Parallelamente, però, gli studenti sanno bene che non è così facile farsi strada in settori che, verosimilmente, nei prossimi anni vedranno una forte selezione all’ingresso, se non altro perché richiedono caratteristiche precise. Per questo, quasi tutti ritengono che per formarsi adeguatamente e per poter spiccare in questi settori, serva una forte specializzazione. Che deve passare quasi necessariamente per l’università: a pensarla così sono ben 7 intervistati su 10. E se per il 23% può bastare una laurea triennale, il 28% fissa nel titolo quinquennale (o magistrale) il livello minimo da raggiungere, mentre il 19% ritiene che serva anche un titolo post-laurea (master o similari). Appena il 12% crede che possa bastare un corso non universitario, seppur specialistico. Solamente il 18% baserebbe tutto sulla pratica concreta. Anche la tipologia di ateneo scelto, nella mente dei ragazzi, può fare la differenza. In questo, la porzione più ampia del campione (40%) pensa che siano le università “telematiche” quelle in grado di fornire una formazione migliore, rispetto alle tradizionali, per svolgere mestieri “digitali”. Per quale motivo?
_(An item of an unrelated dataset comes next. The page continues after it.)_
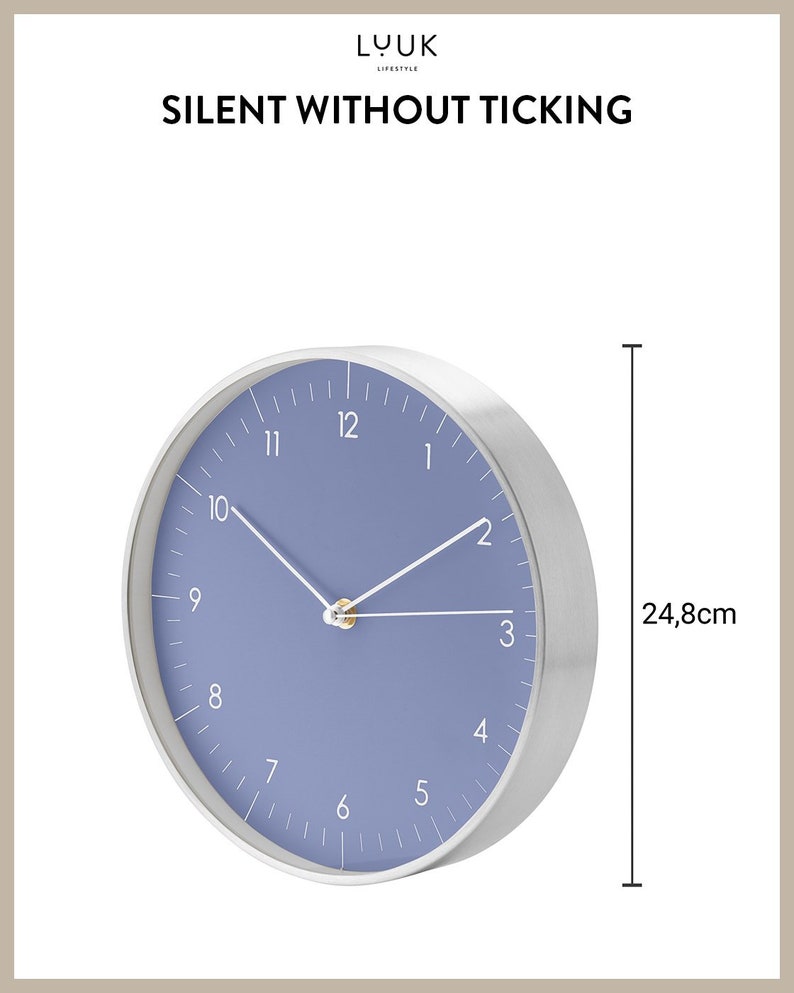 May include: A silver and blue wall clock with white hands and a diameter of 24.8 inches. The clock face is a light blue color with white numbers and a gold center. The clock is silent and does not tick.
Possono, agli occhi dei ragazzi, contare su un vantaggio competitivo dato dalla filosofia con cui sono nate: per il 56%, infatti, hanno già un modello didattico all’avanguardia, per il 22% sono abituate alla dimensione online (alla base di queste professioni), per il 18% perché abbattono i limiti fisici e quindi sono già addentro alle dinamiche di tali mestieri. In più, per completare il pacchetto e distinguersi ulteriormente, durante gli studi sarebbe opportuno arricchire il proprio bagaglio con degli “extra”. Imprescindibili, praticamente per tutti i ragazzi raggiunti dall’indagine, l’esperienza “sul campo” e una visione internazionale. Per circa 6 su 10, ad esempio, è fondamentale fare un buon tirocinio curricolare e passare un periodo di studi fuori dai confini nazionali (dato che spesso all’estero, sul “digitale” sono più avanti di noi). E per un altro terzo abbondante (37%) pur non essendo indispensabili sono comunque due attività molto importanti. Stessa cosa per la formazione continua post-titolo (corsi di aggiornamento, ecc.): per il 56% è fondamentale, per il 37% quantomeno consigliabile.